By Elizabeth Platt, Associate Director, Public Rights/Private Conscience Project
Yesterday, the New York City Council voted to use $19.8 million in city funds to pay for security guards for private and parochial schools. This channeling of taxpayer dollars to religious schools seems as though it should raise a conflict with Art. XI, § 3 of the New York Constitution, commonly known as the “Blaine Amendment.”
The Blaine Amendment states:
“Neither the state nor any subdivision thereof, shall use its property or credit or any public money, or authorize or permit either to be used, directly or indirectly, in aid or maintenance, other than for examination or inspection, of any school or institution of learning wholly or in part under the control or direction of any religious denomination, or in which any denominational tenet or doctrine is taught…”
This prohibition on using public money to support religious schools seems both broad and clear on its face, but has nevertheless been narrowed through case law, most notably the 1967 case Board of Education v. Allen. In Allen, the Court of Appeals upheld a program requiring “all school boards to purchase and to loan textbooks on an equitable basis to all pupils residing in the school district who are attending … any public or nonpublic school.” (emphasis added).
In the face of a Blaine Amendment challenge, the Court of Appeals—New York’s highest court— found that the book loan program had “no intention to assist parochial schools as such,” but was rather “meant to bestow a public benefit upon all school children, regardless of their school affiliations.” Holding that “not every State action which might entail some ultimate benefit to parochial schools is proscribed,” it found the program constitutional.

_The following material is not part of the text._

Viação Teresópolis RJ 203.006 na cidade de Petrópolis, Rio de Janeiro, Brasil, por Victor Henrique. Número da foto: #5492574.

In contrast, a 1970 trial court case, Iona College v. Nyquist, found that a direct financial grant to Iona College, a Catholic institution, did violate the Blaine Amendment.
Decades later, a 2002 report by then-New York Attorney General Eliot Spitzer analyzed various proposed aid programs to non-public schools. The report argued that programs in which the “primary beneficiaries… are the students in both public and non-public schools, not the schools those students attend,” do not violate the Blaine Amendment. It stressed that it was “constitutionally significant for purposes of the Blaine Amendment that the textbook statute upheld in Board of Educ. V. Allen…provided that secular textbooks be loaned to the children enrolled in schools, not to the schools themselves.”
The bill recently passed by the City Council seems to provide a substantial financial benefit directly to parochial schools rather than to students, and may thereby violate the Blaine Amendment. On the other hand, the hiring of security guards is intended to benefit students in all schools, rather than being simply a direct financial grant to a parochial school. If a court were to find no Blaine Amendment violation on that basis, then what type of grant would possibly be considered impermissible, apart from perhaps a direct unrestricted financial grant? Any grant to a not-for-profit religious school will in some way benefits its students. Should a challenge to this bill arise and reach the Court of Appeals, the Court should take the opportunity to salvage the Blaine Amendment and ensure that taxpayer funds are not used to subsidize religious education.